Asian FX focus: The Start of Q4
Bulls in charge but we can still find reasons not to chase
Asia FX has started Q4 much like how it traded the majority of Q3, rallying against the USD. With several markets closed at the beginning of the month (South Korea, Hong Kong and China), some caution is warranted in terms of the moves seen, as liquidity is probably affected. Nevertheless, it's hard not to come away with the impression that the bulls are very much in charge. Our sense had been we would enter a consolidation phase into October rather than see further sharp USD weakness. In this piece we present a series of charts to assess the bullish versus consolidation case for EM Asia FX.
We conclude that the medium-term bullish outlook is intact but we present a number of reasons not to chase recent momentum. Uncertainty around the longevity of the economic pick up, absent additional fiscal stimulus, and the US election outcome, are key considerations. These potential headwinds leave us reluctant to chase the likes of CNH or growth sensitive currencies such as KRW, SGD and TWD higher against the USD at the current juncture.
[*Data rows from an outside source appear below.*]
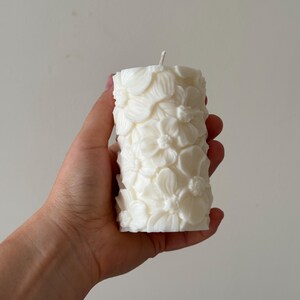 White Flower Pilar Candle/ Home Decoration/ Gift Idea/ Decorative candles/ Organic Soy Wax Candle/ Aesthetic Pillar Candle / Wedding Candles
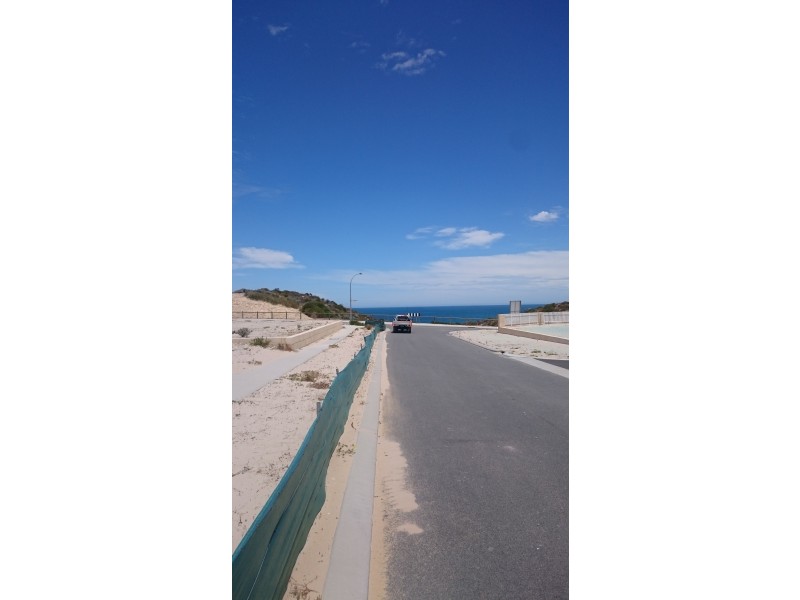 33 Cuttlefish Street, Yanchep WA 6035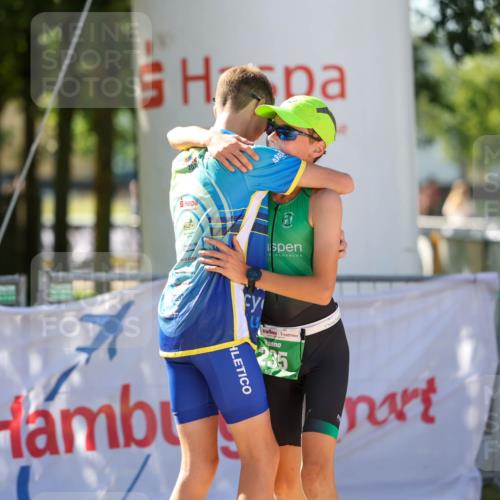 01.09.2024 - 17. Tribühne Triathlon Michael Strokosch http://msf.ph/oto/6907568 01.09.2024 11:23:42 Ziel  meine-sportfotos.de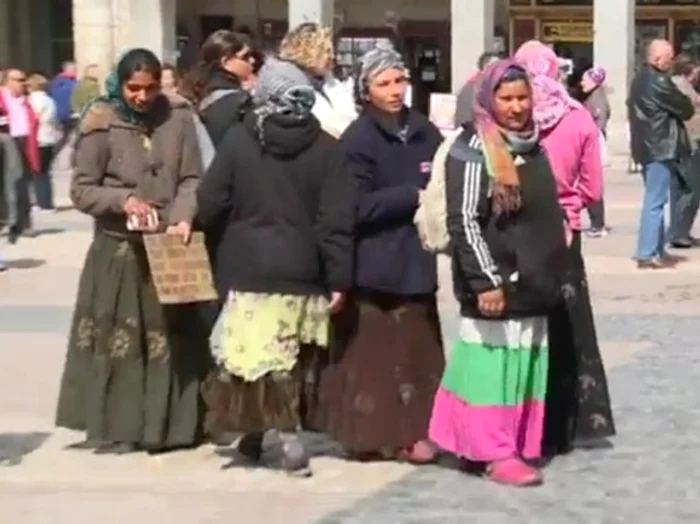 
    Româncele au fost înjosite de fanii PSV EindhovenFoto: captură video  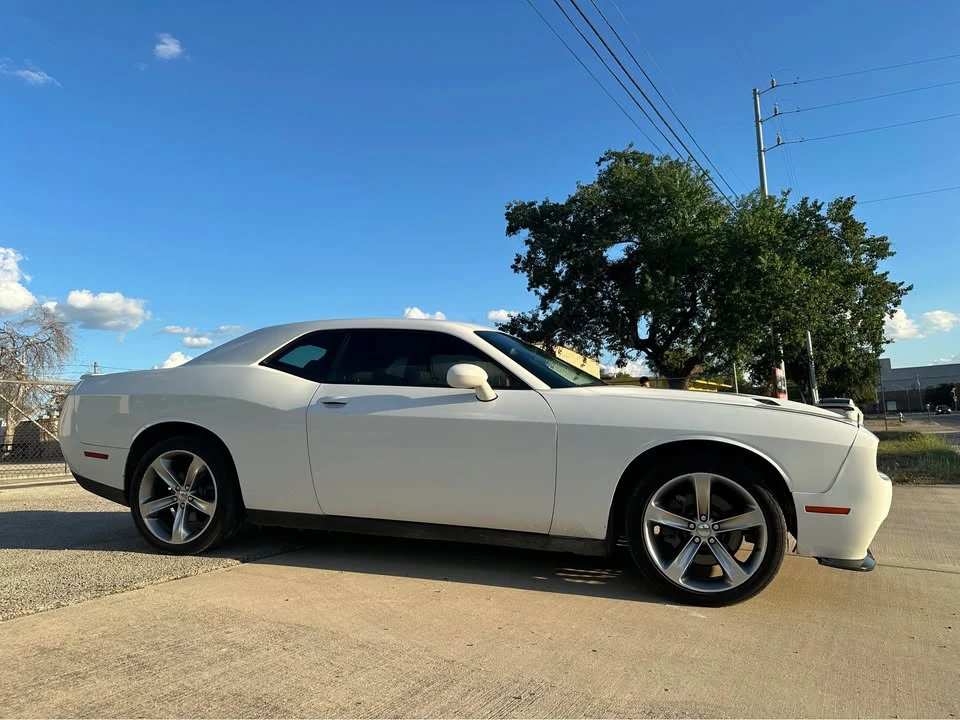 2015 Dodge Challenger 3rd Gen - Image 5 of 10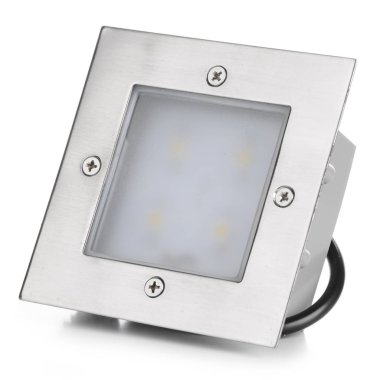 Beyaz arka plan üzerinde izole sokak ışık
We also maintain a short AUD/IDR recommendation as we continue to believe this offers an attractive hedge to some of the short-term risks outlined in this piece.
Near term global growth backdrop very supportive…
Data momentum in the major economies remains quite supportive. Economic surprise indices, taken from Bloomberg, for the US and Europe are around multi year highs (see the first chart). This compliments the continued positive run of China data, with Industrial profits and PMI prints this week suggesting the recovery remains firmly on track.
Market expectations for economic growth in Q3 have also been trending higher or remained elevated (see the second chart). This is less evident for China, although it rebounded very strongly in Q2 after a sharp slump in Q1, so this shouldn't be a huge surprise. In any case, China aggregate funding support continues to trend higher, which historically has tended to lead moves in EM Asia FX (see the third chart). This is likely to reflect the fact that higher funding support is good for China growth, which is typically good for other countries in the region.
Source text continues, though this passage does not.